Novel Green Luminescent and Phosphorescent Material: Semiconductive Nanoporous ZnMnO with Photon Confinement.

ACS Appl Mater Interfaces 2017 Jun 8;9(24):20630-20636. Epub 2017 Jun 8.

Quantum-Functional Semiconductor Research Center, Dongguk University-Seoul , Seoul 04623, Korea.

A novel green luminescent and phosphorescent material of semiconductive nanoporous ZnMnO was synthesized by the thermal nucleation of nanopores in the 20-period ZnMnO/ZnMnO multilayer structure. Nanoporous ZnMnO showed an n-type semiconducting property and exhibited an extremely strong green light emission in its luminescence and phosphorescence characteristics.
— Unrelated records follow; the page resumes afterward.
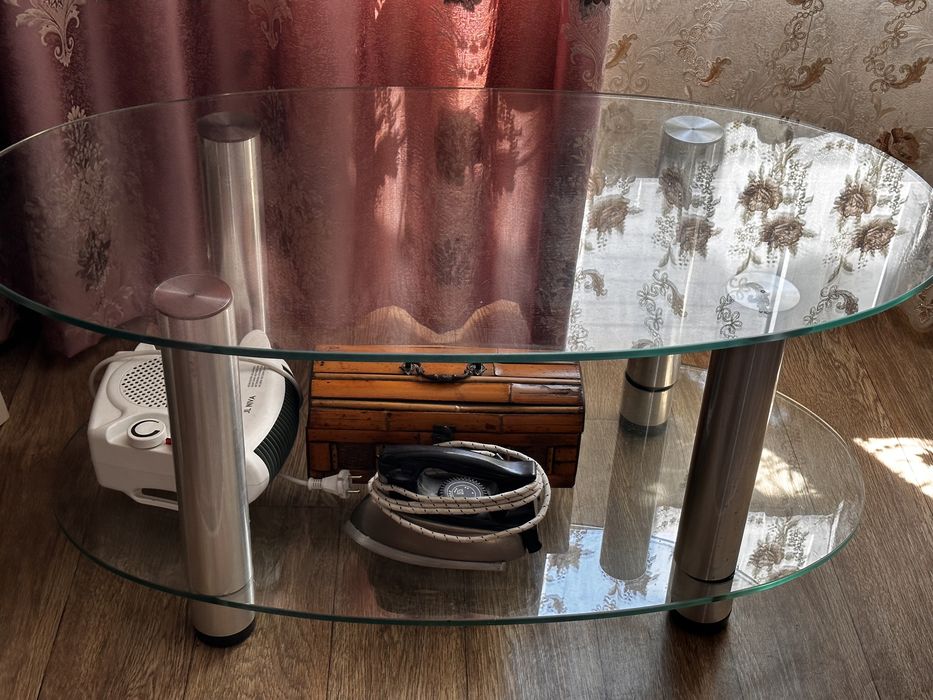 Стол стеклянный,отличного качества.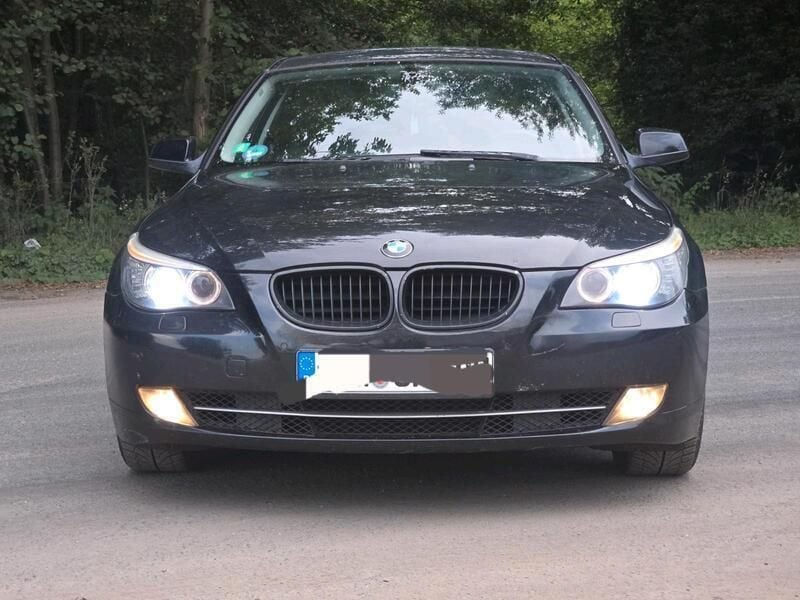 Schwarz Gebraucht 2009 BMW 520 Limousine | 6.300 € (Fairer Preis) - Bild 1/4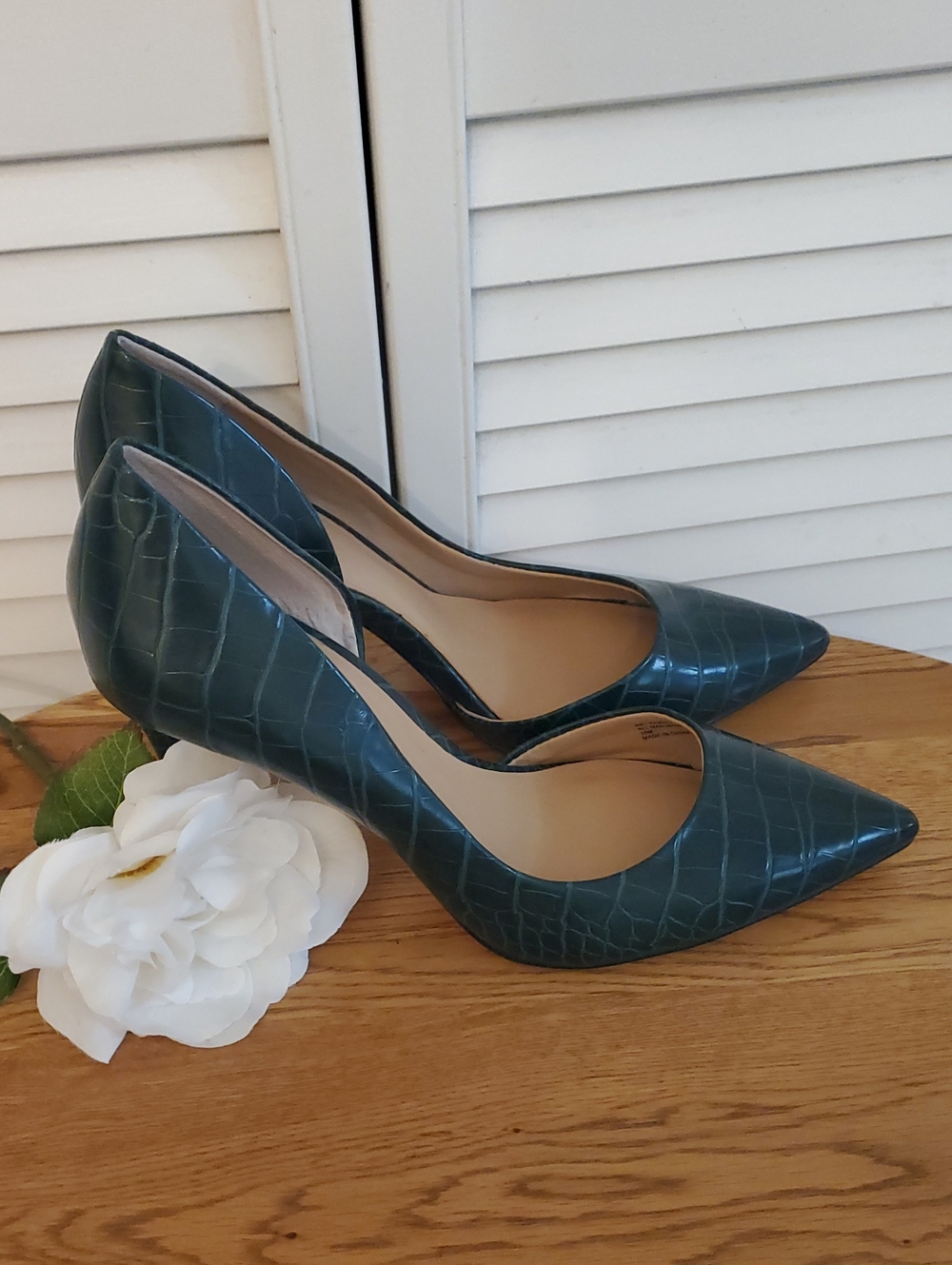 I.N.C Kenjay D’Orsay Green Croc Embossed Pumps, Size 10 Medium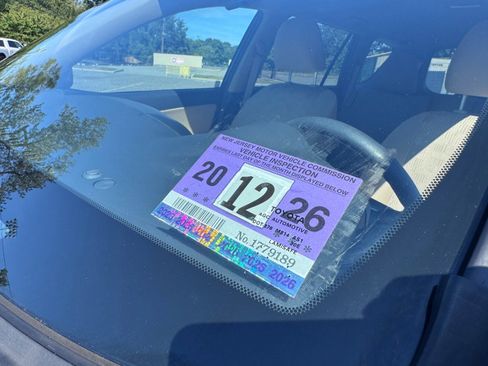 Used 2011 Toyota RAV4 4WD w/ 3rd Row image 17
This arises from the formation of the localized energy level (i.e., green emission band) within the energy band gap and the confinement of photons. The results suggest nanoporous ZnMnO to have a great potential for the new type of semiconducting green phosphors and semiconductor light-emitting diodes with lower thresholds, producing an efficient light emission. In-depth analyses on the structural, electrical, and optical properties are thoroughly examined, and the formation mechanism of nanoporous ZnMnO and the origin of the strong green light emission are discussed.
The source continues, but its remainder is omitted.